Странный звук послышался Никарете: как будто кто-то всхлипнул. Она окинула стремительным, ничего не упускающим взглядом девушек, сбившихся в кучку.

Одна стояла чуть поодаль. У нее были волосы цвета пепла и темно-серые глаза, полные такой тоски, как будто девушка находилась не в сердце знаменитой школы, куда, к слову сказать, отнюдь не каждая-всякая девка могла поступить: нужен был немалый денежный взнос и рекомендации влиятельных людей, — а на невольничьем рынке. Никарета вспомнила, как она была потрясена, когда прочла сопроводительные письма этой девушки. Можно было ожидать, что особа, находящаяся под покровительством таких людей, окажется самодовольной, заносчивой и тщеславной, а эта пугливо жалась в сторонке, опустив глаза, а теперь вдруг заплакала…

Кто бы сказал, почему невинное упоминание о птичке-свистульке вдруг заставило ее пролить слезы?! А что, если эту девушку против воли сюда отправили? Тогда толку из нее не выйдет…

Однако может статься, что высокие персоны продолжат проявлять интерес к жизни этой девушки. Значит, Никарете нужно будет обратить на нее особенное внимание. Интересно бы знать, у нее хоть кроме этой удивительной, враз трогательной и вместе с тем вызывающей красоты, не имеющей никакого отношения к классическим канонам, есть что-то в голове?

Почувствовав взгляд великой жрицы, девушка сжалась и попыталась отступить за спины соседок. Никарета отвела глаза, чтобы не пугать ее, и улыбнулась:

— Итак, сейчас я хочу услышать, что именно вы знаете. Понимаете ли вы, девушки, что вы — дочери великой Эллады, которая сияет как алмаз в диком, темном мире, окружающем нас? Мне будет очень просто выяснить это. Прошу каждую из вас прочесть хотя бы несколько стихотворных строк. Э-э… ты, Нофаро? — улыбнулась она толстушке.

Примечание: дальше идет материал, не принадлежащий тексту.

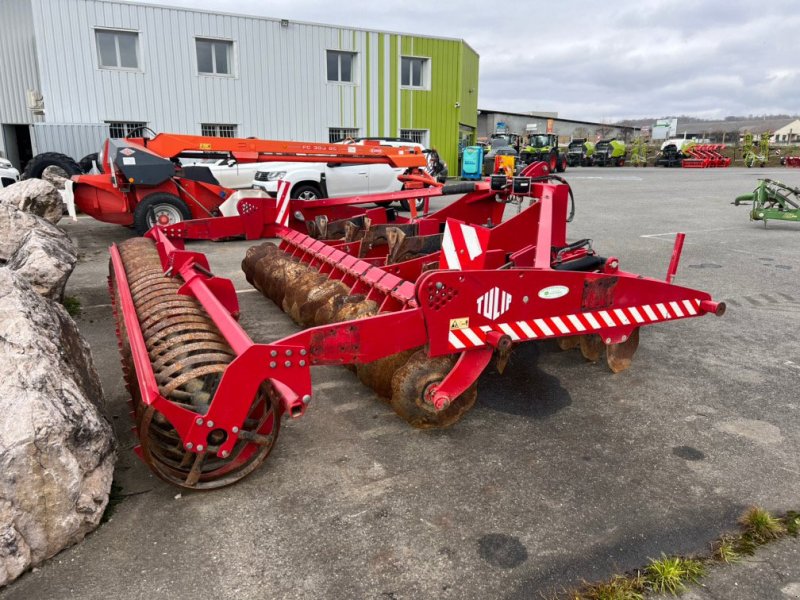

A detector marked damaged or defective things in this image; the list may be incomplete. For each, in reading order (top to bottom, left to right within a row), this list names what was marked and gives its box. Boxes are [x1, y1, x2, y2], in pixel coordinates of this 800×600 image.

rusty metal part [111, 237, 282, 490]
rusty metal part [390, 350, 478, 428]
rusty metal part [604, 326, 640, 372]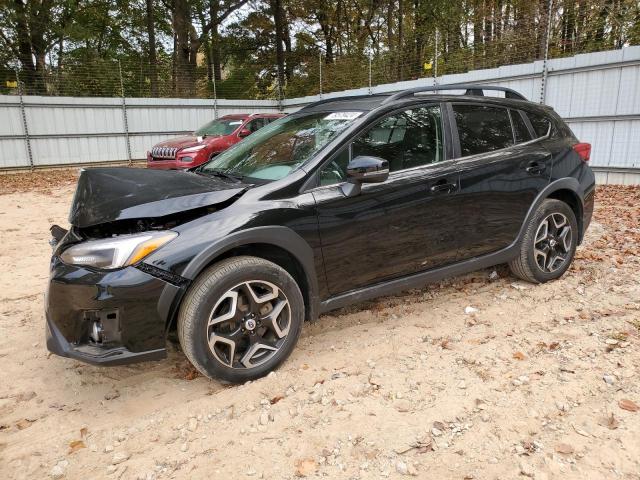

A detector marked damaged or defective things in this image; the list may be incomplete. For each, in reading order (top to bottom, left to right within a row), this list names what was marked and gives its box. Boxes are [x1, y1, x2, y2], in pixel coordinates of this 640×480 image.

broken hood [69, 168, 245, 228]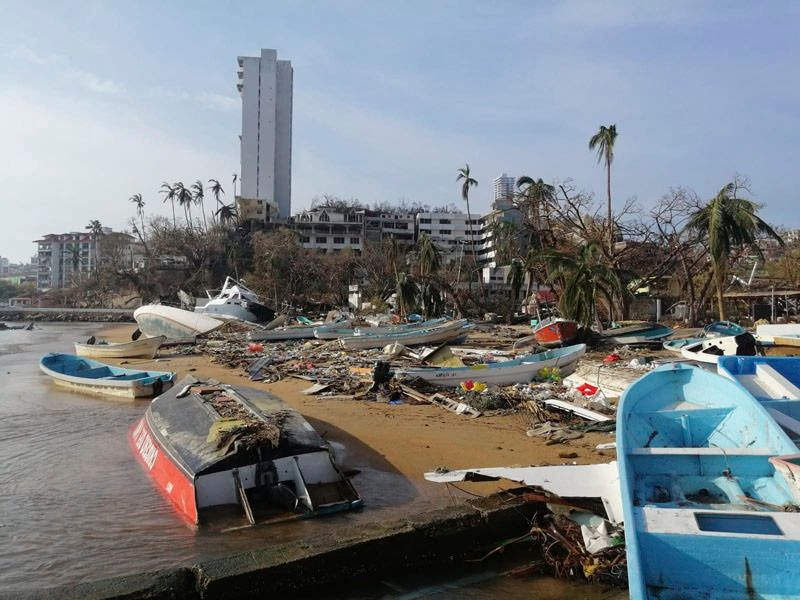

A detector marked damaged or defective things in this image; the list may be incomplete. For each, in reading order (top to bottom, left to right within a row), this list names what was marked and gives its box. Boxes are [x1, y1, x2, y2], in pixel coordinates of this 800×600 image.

wrecked boat hull [620, 364, 800, 596]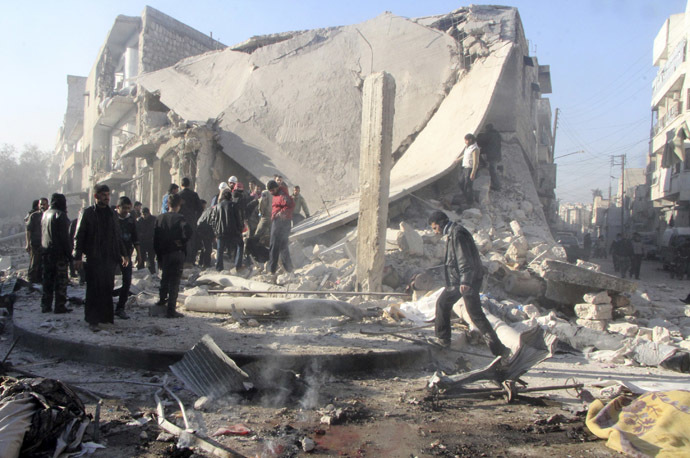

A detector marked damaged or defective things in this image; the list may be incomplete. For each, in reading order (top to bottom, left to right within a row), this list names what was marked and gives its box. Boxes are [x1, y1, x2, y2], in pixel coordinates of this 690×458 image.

Судя по всему, та уже успела забыть свое новое имя и принялась было растерянно озираться, но соседка пихнула ее в бок, и бывшая Фатса покраснела:

— Я знаю только песни, которые пелись у нас в Триполисе. Мы сходились в круг и пели…

Она набрала в грудь воздух и открыла было рот, но Никарета протестующим движением выставила ладонь:

— Ты споешь на матиоме по музыке. Прочти стихи.

Нофаро обескураженно пожала плечами и опустила голову.

— Тогда ты, — Никарета указала на девушку с распущенными светлыми волосами. — Твое имя? Твое новое имя! — напомнила она.

— Гелиодора, — пролепетала светловолосая, отчаянно краснея.

«Дар солнца, очень неплохо! — одобрительно подумала Никарета. — Девушка с воображением!»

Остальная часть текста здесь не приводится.